There are two main classes of scrapers: end scrapers and side scrapers

 

End scrapers


Scrapers that are made on the end of a flake or blade. The retouched end may be the proximal end or the distal end, but the vast majority of end scrapers are made on the distal end, as this does not require the removal of the bulb of percussion. End scrapers are further defined by the shape of the retouched end, being either concave, straight or convex.

When an end scraper has been made on a flake that is wider than it is long, it is sometimes referred to as a transverse scraper.

 

Convex end scraper


End scraper which has a retouched end that is convex in form.

Transverse scraper


An end scraper made on a flake that is wider than it is long.


Straight end scraper


An end scraper which has a retouched end that is straight in form.
If the tool blank is a blade, and the retouch is abrupt retouch rather than scraper retouch it would be called a truncated blade.

 

Straight end scraper on a flake


An end scraper which has a retouched end that is straight in form, made on a blank that is a flake.
If the tool blank is a flake, and the retouch is abrupt retouch rather than scraper retouch it would be called a truncated flake.

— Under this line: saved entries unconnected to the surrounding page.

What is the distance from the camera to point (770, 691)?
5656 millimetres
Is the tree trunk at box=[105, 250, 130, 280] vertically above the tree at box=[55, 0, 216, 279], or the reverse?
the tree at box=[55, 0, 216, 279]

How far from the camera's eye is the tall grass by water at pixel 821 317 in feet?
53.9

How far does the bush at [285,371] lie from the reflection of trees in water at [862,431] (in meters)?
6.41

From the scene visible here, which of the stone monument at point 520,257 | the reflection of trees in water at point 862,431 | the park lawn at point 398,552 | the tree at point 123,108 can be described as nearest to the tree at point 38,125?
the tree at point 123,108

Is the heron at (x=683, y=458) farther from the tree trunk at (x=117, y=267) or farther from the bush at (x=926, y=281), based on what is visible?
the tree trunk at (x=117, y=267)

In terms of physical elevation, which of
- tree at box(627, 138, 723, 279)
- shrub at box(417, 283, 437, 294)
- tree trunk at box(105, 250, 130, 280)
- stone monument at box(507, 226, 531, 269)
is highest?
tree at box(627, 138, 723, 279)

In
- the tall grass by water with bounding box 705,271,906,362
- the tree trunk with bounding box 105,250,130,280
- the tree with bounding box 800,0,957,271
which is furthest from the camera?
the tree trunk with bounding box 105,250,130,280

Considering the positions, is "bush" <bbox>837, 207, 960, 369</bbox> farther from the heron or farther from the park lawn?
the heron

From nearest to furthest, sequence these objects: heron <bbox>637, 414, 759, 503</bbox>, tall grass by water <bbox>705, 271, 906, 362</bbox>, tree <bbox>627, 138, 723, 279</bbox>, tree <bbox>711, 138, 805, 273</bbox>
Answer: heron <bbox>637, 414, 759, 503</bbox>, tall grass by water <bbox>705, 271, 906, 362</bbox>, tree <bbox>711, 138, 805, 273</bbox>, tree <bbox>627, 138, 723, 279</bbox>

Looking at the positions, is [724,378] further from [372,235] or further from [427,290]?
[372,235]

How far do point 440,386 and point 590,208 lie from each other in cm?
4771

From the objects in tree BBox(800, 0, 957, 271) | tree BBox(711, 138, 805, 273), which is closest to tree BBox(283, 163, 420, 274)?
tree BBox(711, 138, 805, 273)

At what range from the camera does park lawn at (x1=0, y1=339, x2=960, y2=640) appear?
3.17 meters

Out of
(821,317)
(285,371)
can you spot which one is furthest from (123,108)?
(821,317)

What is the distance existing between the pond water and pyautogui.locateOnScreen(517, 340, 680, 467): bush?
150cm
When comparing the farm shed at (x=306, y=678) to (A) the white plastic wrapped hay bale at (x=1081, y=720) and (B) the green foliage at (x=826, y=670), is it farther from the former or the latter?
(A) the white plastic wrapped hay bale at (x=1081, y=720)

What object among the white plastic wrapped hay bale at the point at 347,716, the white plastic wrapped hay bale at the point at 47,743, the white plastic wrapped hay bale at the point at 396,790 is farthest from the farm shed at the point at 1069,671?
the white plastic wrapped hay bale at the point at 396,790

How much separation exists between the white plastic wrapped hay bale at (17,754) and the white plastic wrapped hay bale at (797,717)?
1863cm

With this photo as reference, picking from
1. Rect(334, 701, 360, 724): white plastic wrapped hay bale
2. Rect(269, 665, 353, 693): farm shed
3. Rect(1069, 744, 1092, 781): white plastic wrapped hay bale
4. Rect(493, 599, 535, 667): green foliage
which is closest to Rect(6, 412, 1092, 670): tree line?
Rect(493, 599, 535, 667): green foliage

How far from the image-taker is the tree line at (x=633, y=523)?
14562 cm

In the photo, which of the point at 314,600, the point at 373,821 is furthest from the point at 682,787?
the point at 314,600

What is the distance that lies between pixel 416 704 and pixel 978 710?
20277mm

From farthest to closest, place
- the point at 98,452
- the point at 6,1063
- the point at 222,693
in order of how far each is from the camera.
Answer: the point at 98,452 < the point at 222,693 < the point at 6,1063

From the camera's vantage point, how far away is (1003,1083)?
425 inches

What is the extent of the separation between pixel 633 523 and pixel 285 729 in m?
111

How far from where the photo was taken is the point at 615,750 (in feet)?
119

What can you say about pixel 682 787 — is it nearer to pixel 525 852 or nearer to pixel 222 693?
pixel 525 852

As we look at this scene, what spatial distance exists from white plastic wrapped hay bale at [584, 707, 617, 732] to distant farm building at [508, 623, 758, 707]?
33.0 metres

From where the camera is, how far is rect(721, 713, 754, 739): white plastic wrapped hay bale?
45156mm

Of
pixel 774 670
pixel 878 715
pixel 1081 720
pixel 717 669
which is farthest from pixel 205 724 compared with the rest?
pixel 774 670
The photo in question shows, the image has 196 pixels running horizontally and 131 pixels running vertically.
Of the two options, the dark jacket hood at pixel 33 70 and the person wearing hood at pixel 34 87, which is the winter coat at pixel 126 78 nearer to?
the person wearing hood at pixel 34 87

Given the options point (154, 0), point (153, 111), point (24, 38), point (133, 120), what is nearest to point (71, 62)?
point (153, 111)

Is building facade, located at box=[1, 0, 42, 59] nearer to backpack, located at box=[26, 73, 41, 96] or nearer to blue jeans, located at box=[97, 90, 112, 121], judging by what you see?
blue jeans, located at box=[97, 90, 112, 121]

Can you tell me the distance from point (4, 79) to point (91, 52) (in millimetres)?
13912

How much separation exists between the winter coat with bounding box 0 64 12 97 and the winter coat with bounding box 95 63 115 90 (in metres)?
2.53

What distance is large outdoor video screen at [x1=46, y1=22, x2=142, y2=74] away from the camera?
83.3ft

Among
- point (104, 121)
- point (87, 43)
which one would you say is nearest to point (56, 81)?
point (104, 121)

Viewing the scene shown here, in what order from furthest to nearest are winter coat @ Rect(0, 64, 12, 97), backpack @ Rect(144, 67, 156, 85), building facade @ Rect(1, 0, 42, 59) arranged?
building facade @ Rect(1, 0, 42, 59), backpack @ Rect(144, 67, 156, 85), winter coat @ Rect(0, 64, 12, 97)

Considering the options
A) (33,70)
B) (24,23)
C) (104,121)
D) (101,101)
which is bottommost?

Also see Brézillon 1977:122[2]. on types of truncation


Concave end scraper

End scraper which has a retouched end that is concave in form.


Concave end scraper on a flake


An end scraper which has a retouched end that is straight in form, made on a blank that is a flake.


Side scrapers


Scrapers that are made on the side of a flake or blade. The retouched side may be the left edge or the right edge, or even on both in which case it would be called a double side scraper.Side scrapers are further defined by the shape of the retouched edge, being either concave, straight or convex.Side scrapers may be made on blanks that are blades or flakes.


More categories: double end etc


References

  1. Whittaker, J.C. 1994. Flint knapping: making and understanding stone tools. University of Texas Press, Austin.
  2. Brézillon, Michel 1977 La Denomination des Objets de Pierre Taillee. IVe Supplement à Gallia Prehistoire. Centre National de la Recherche Scientifique. Paris.